Visiting Fellows can have access to library, computing and office facilities; participate in the range of research seminars that take place in the Migration Centre and across the university; and collaborate with Sussex colleagues to plan, develop or complete specific research projects. We particularly welcome Visiting Fellows who are undertaking practical work in the migration field, and wish to take a break from this work to investigate a subject area in more depth.
Fees payable by Visiting Fellows will be required. If you are interested in becoming a Migration Centre Visiting Fellow, email migration@sussex.ac.uk
It is also possible to come to Sussex as a Visiting Student, to attend lectures and seminars in our MA or doctoral programmes. For more information, email pg.enquiries@sussex.ac.uk
Current and Recent Visiting Fellows
Ilse van Liempt (2008-2010)
Ilse completed her DPhil at the Institute for Migration and Ethnic Studies (IMES) in Amsterdam. Her book, Navigating Borders. Inside perspectives on the process of human smuggling into the Netherlands, was published in 2007. Currently she is a Marie Curie Research Fellow at Sussex University researching onward migration of Somali immigrants within Europe.

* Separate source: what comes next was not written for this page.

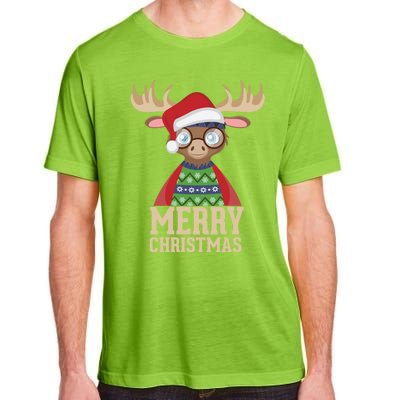 Hipster Moose Santa Hat Merry Christmas Funny Holiday Gift Adult ChromaSoft Performance T-Shirt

Kerry Preibisch (2008-2009)
Kerry Preibisch is associate professor of Sociology and Anthropology at the University of Guelph who specializes in international Migration. Her research focuses on gender and migration, labor migration and global agro-food systems, as well as immigrant communities in rural Canada. Current projects include examining the new social relations of agriculture in the Global North, immigrant farm workers' health, and immigration to rural Canada.
John Davies (2008-2009)
John has been working extensively on vulnerability in migration and on maximising the benefits of migration for the poor. His most recent work has been with the Bangladesh Trade Support Programme building the capacity of the Bangladesh Government to negotiate labour market access for less skilled migrants.
Iman Hashim (2005-08)
Iman is an anthropologist working on child labour and child migration in Ghana. She is collaborating with the Development Research Centre on Migration, Globalisation and Poverty.
Chris Parsons (2005-07)
Chris is an economist, who is currently ODI Fellow working in the Ministry of Trade in Sierra Leone. He is collaborating with us both in the development and use of the Global Migrant Origin Database.
Susan Thieme (2006-07)
Susan is a development geographer based at the University of Zurich. She is working on a project on migration and livelihoods in India and Kazakhstan, and will be based at Sussex in the Autumn term of 2006.
Anastasia Christou (2006)
Anastasia is a cultural geographer, working on the return of Greek Americans to Greece. During 2005, Anastasia worked as Lecturer in Cultural Geography at Sussex.
Ronald Kalyango (2006)
Ronald is Lecturer in Women's Studies at Makerere University, Uganda, and holds a British Council Visiting Fellowship at the Centre from May-June 2006. He is working on internal displacement and gender issues in Uganda.
Abdur Rafique (2006)
Rafique is employed as Research Officer on a project on social protection of temporary work migrants in West Bengal, funded by the Development Research Centre on Migration, Globalisation and Poverty. He is Visiting Fellow at the Centre from April-June 2006.